My highest point was today when I met my friend to run errands at the city office. We both had baby business to take care of, and because she is fluent in Japanese she offered to help me communicate with the bureaucrats. We met for lunch, and I found myself telling her about my problems. She listened with a sympathetic ear and had sound advice for me. It felt so good to share my story with her, and afterwards she shared her story with me. It reminded me again that I am not alone, that there are people who love and care about me, and things are never as bad as I think they are.
So my lowest point taught me that I need to find a better way to express my frustrations with my daughter, and my highest point taught me that asking for help and being vulnerable can be a good thing if you do so with a friend. They were two great lessons that taught me something else as well.

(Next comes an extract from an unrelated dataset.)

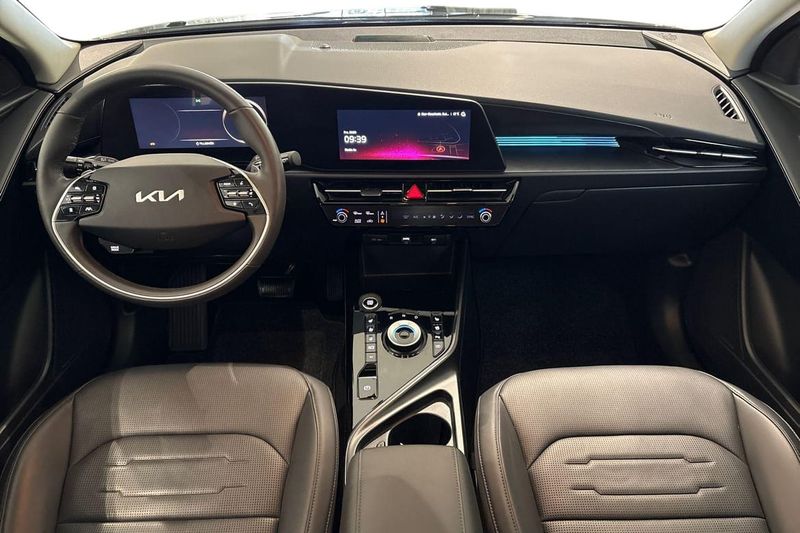 Kia Niro bild 8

I went from having one of the worst weeks to a pretty good week in the space of two days. It made me aware of the fact that nothing is really lasting, and it prompted me to think about the whole concept of the Self and my nature. I realized that I am not my emotions or behaviors, nor am I my beliefs and my thoughts. I’d like to think that I am an emergent phenomenon that is constantly changing depending on the environment in which I find myself or the people with whom I interact. I am learning to let go of the idea of a Self. I do not think there is any permanence in my nature. This is both liberating and unsettling at the same time.
Since I began this process, I have been spending quite a bit of time examining my motivations, my needs, and my desires. I’ve spent a lot of time contemplating my Self. I have only scratched the surface, but I feel that the idea of the Self, a permanent unchanging entity that occupies my mind like some sort of homunculus might be an illusion. I have no idea who I am, but it isn’t who I thought I was, and for the time being that is an interesting concept to explore.

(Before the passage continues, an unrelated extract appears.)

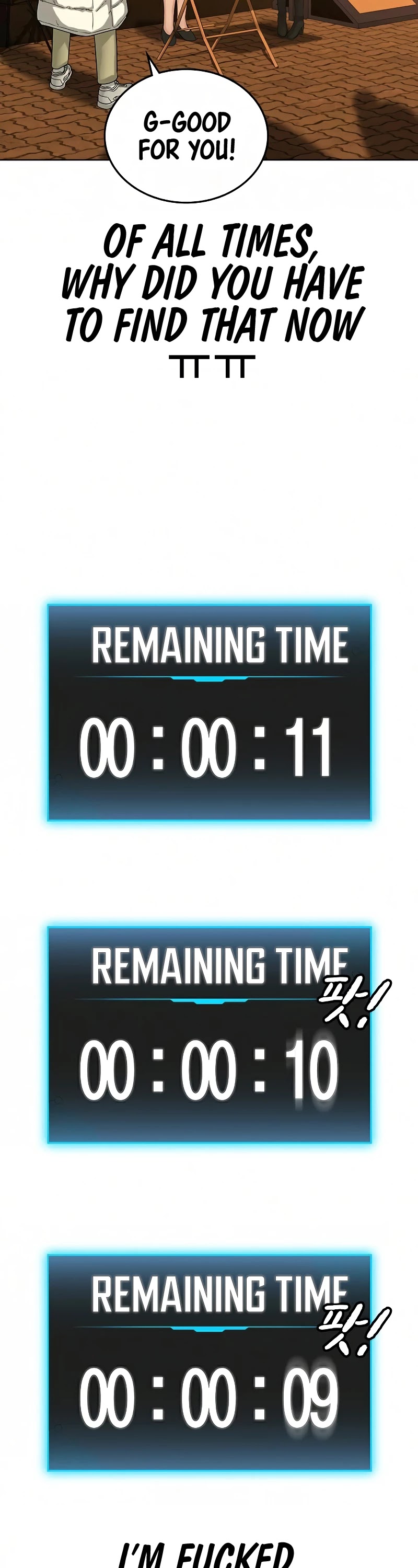 Reality Quest Chapter 18 page 23 - Chapter 18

It has allowed me to let go of the heartbreaking words my daughter uttered three nights ago, and it has assured me that though at the time I behaved in such a way that warranted my daughter’s drawing and assertion, but that the picture that resulted in that behavior was not a reflection of who I am. It has also brought me to the conclusion that person I was with my friend and the pleasant feelings I experience as a result of our encounter are also not a reflection of who I am. Therefore, when I have thoughts of disapproval or even approval they do not really apply to my nature; for my nature or Self is fluid and constantly changing. So then it becomes less feasible to love or hate my Self. It also leads me to the question of who is doing the loving or hating.
This is a very interesting turn of events. This is a new way of looking at my Self and I am not quite sure where to go from here. I am curious to know where this realization will take me. I feel like I am undergoing a radical change in my perspective, and I am in the transition of that change; yet I have no idea what is changing. I am in between. I am in the midst of letting go of illusions I have held for most of my life, and it feels unfamiliar. I like it. I haven’t felt out of my element in quite this way in long time, and I may never have felt this way before.

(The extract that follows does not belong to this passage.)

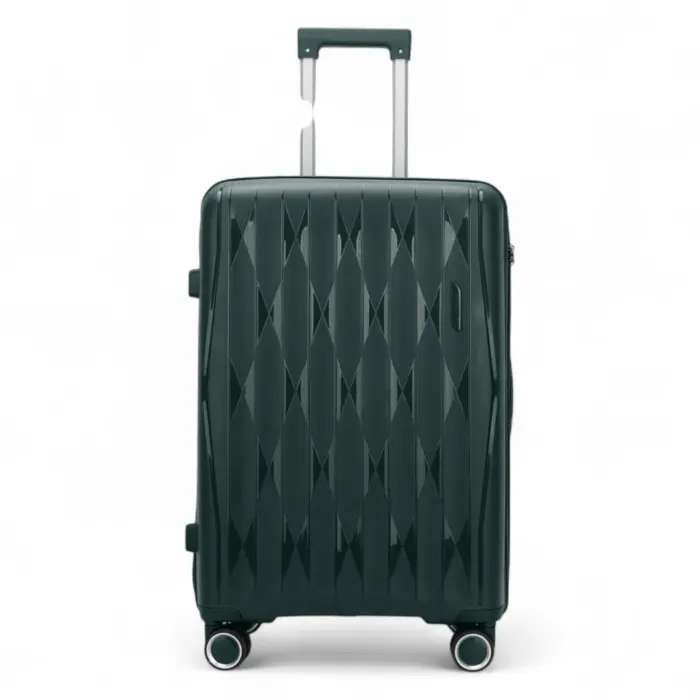 Hard Shell Lightweight Polypropylene Luggage - Image 25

This is the tearing away of the beliefs and conventions I have acquired from a lifetime of socialization by my parents, my family, the church in which I was raised, my teachers, my education, my peers, and my mentors. I feel like I am close to something significant, yet I sense that this thing will only reveal its insignificance, and the impermanence of everything. It is a sense of wonder and at the same time it is a sense of clarity and settling in. I really don’t have the words to describe it, so I will leave it at that.